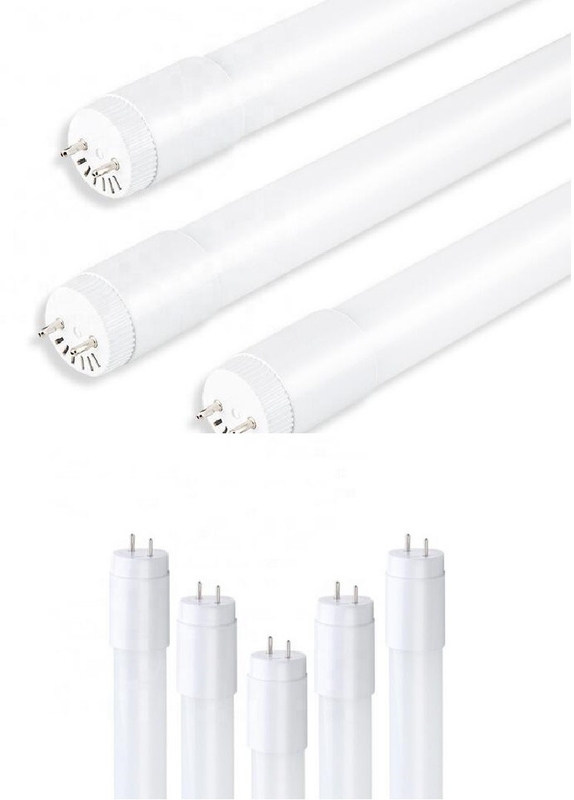 Indoor 2700K Glass Light Tubes 600mm 900mm 1200mm 1500mm 4ft G13 T6 T8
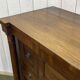 19th century Victorian mahogany chest of drawers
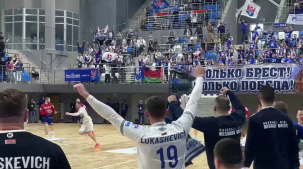 "Мешков Брест" в 15-й раз выиграл гандбольный Кубок Беларуси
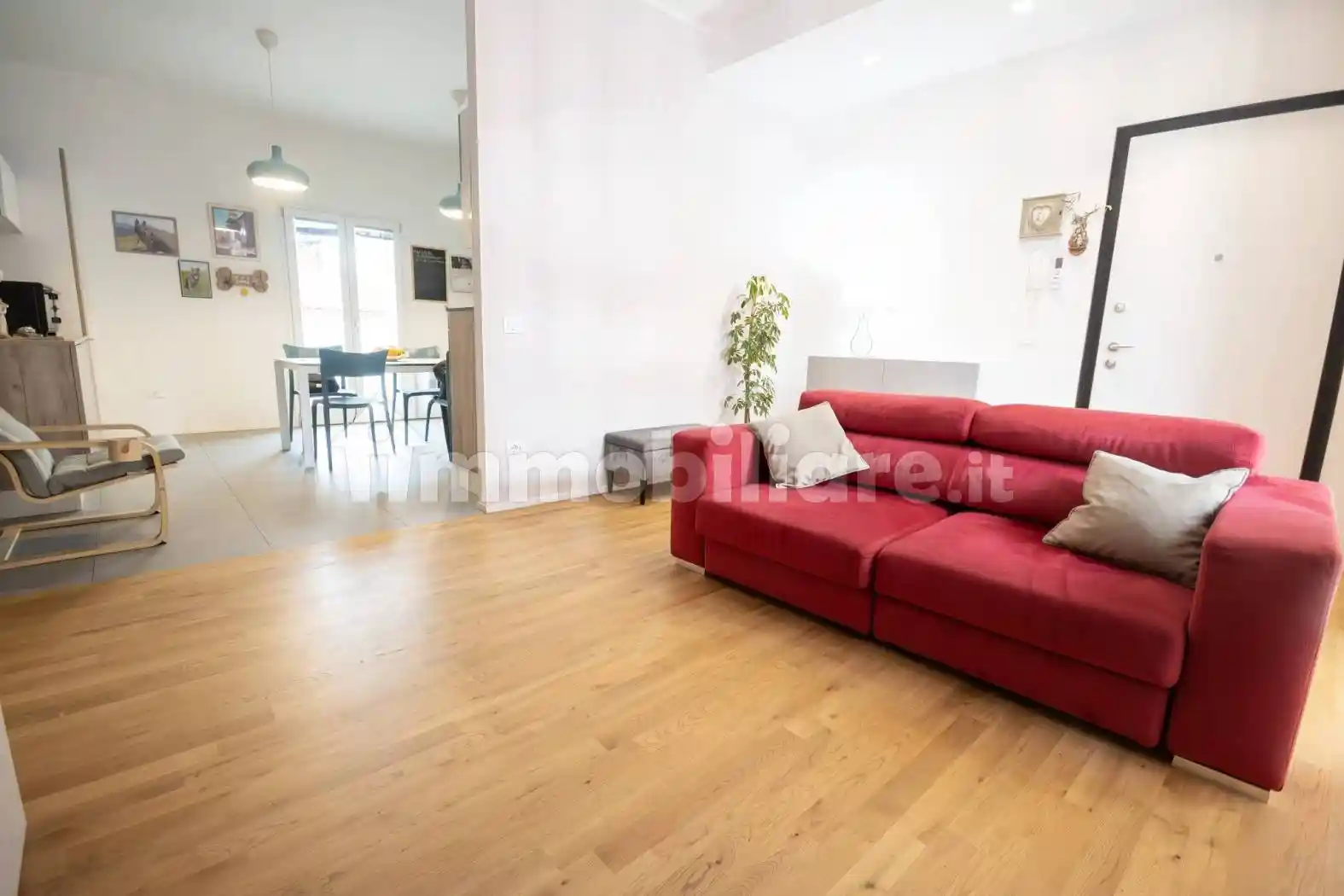 Trilocale ottimo stato, primo piano, Via Roma - Asse Sud, Jesi - foto 4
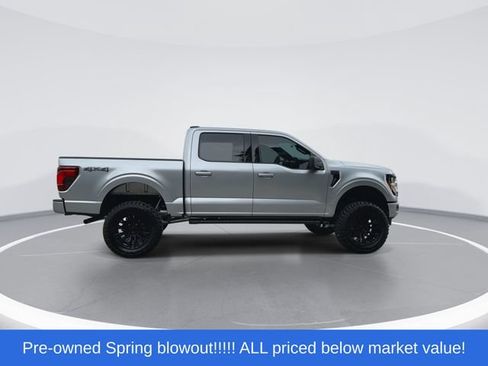 Used 2026 Ford F150 XLT AWD/4WD image 9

REQUIREMENT
Write out the listing above in full, word for word, with no pictures.

COMPLETED TASK
 Indoor 2700K Glass Light Tubes 600mm 900mm 1200mm 1500mm 4ft G13 T6 T8
 19th century Victorian mahogany chest of drawers
 "Мешков Брест" в 15-й раз выиграл гандбольный Кубок Беларуси
 Trilocale ottimo stato, primo piano, Via Roma - Asse Sud, Jesi - foto 4
 Used 2026 Ford F150 XLT AWD/4WD image 9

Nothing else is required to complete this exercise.